A QR Code has a version range from 1 to 40. This information tells about how much data is stored within it. Version 40 has 177 rows and 177 columns (in some decimation called 'modules') for 31,329 pixels. It should be immediately clear at this point that this is the hypothetical maximum that doesn't take into account the error correcting or any of the other infrastructure of the QR code itself.
Once error correcting, infrastructure (the fixed patterns, for amount of error correction, targeting, frequency, mask patterns and such) and minimal error correcting get added, this is maxes out at 23,648 bits (2956 bytes - high level error correcting on version for is 10,208 bits 1276 bytes).
A version 40 barcode with 1276 bytes of data:

Once you get into the high capacity barcode area, you get into color 2d barcodes. The back and white barcode technology tends to max out fairly quickly (data matrix can only hold 2,335 alphanumeric characters (not bytes)).
To go beyond the size limitations of version 40 in a QR code, one can used the Structured Append (encoding mode 0011), though a quick search of various QR code reading libraries suggests that it is not something that any of them support.
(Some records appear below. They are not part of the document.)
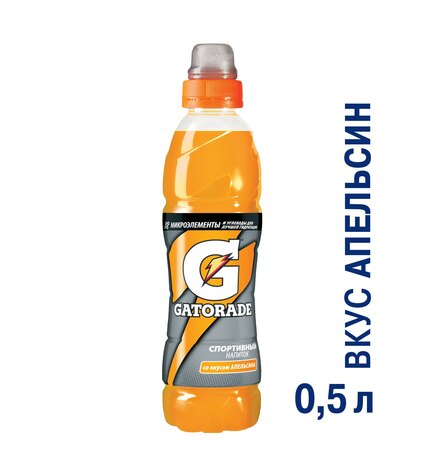 Напиток Gatorade апельсин функциональный 500 мл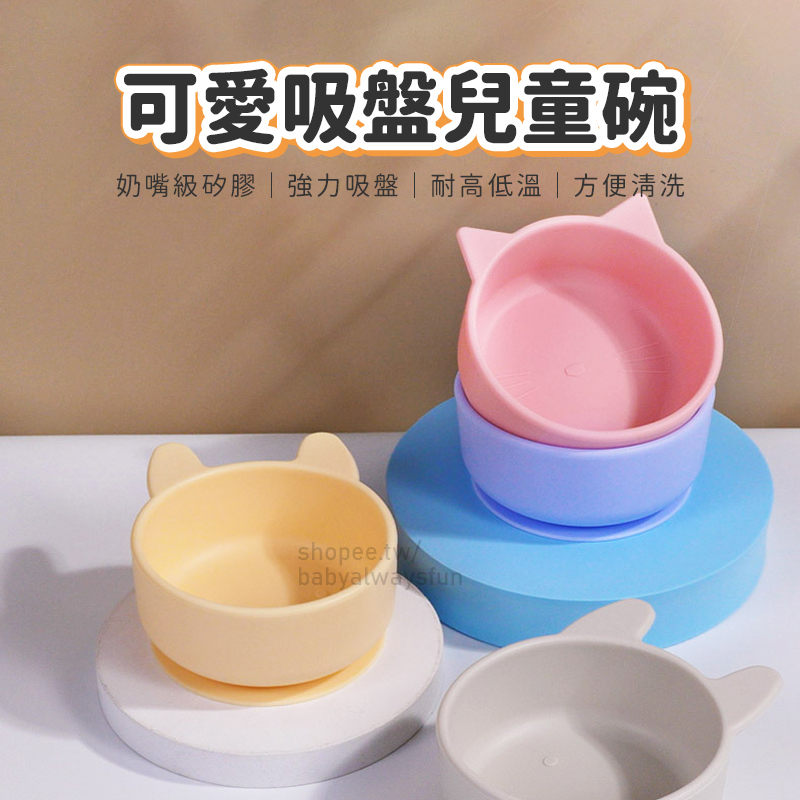 可愛松鼠矽膠餐具系列-吸盤沙拉碗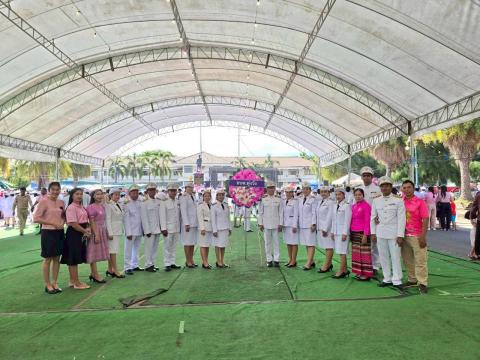 วันปิยะมหาราช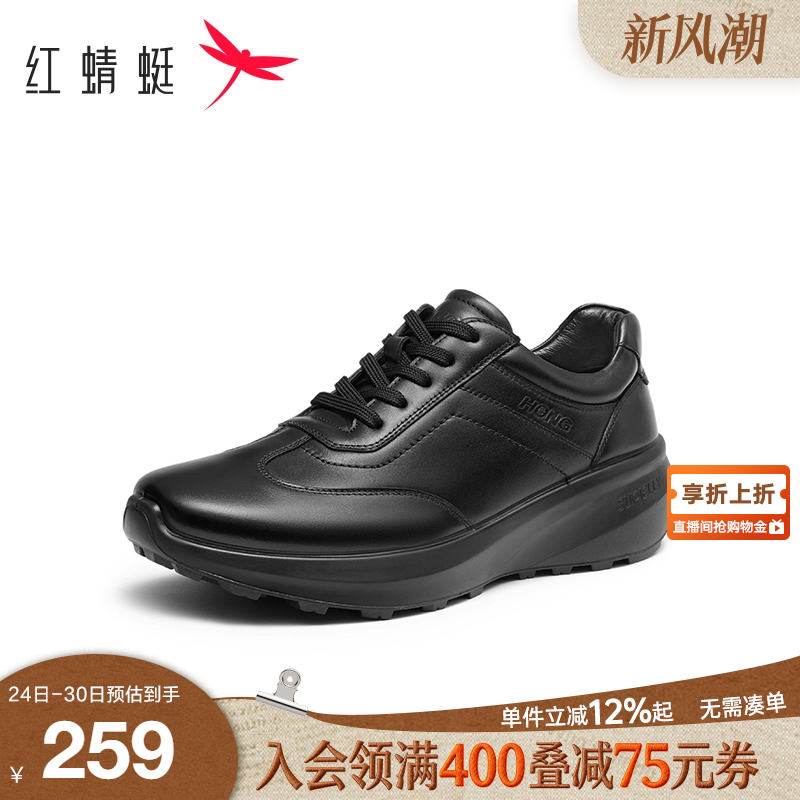 红蜻蜓厚底时尚休闲鞋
A not uncommon approach for an alternative is instead to store a tag of data in the barcode which then references an online resource that has the full information. Note that this works poorly in offline situations.
For dealing with much smaller chunks of data (300 bytes), 2400 bits of data can fit into a low error correcting version 11 QR code (it has 2592 bits of data to use for 321 bytes)

At this point, with lots more data space between version 11 and version 40, there are a number of encoding options if there are difficulties of getting the byte[]
out of the data. One could encode it in the alphanumeric character set that QR code allows (44 characters designed for web addresses - 11 bits for 2 characters in versions 10-26), or numeric (12 bits for 3 digits in versions 10-26) as the two easiest ones to work with.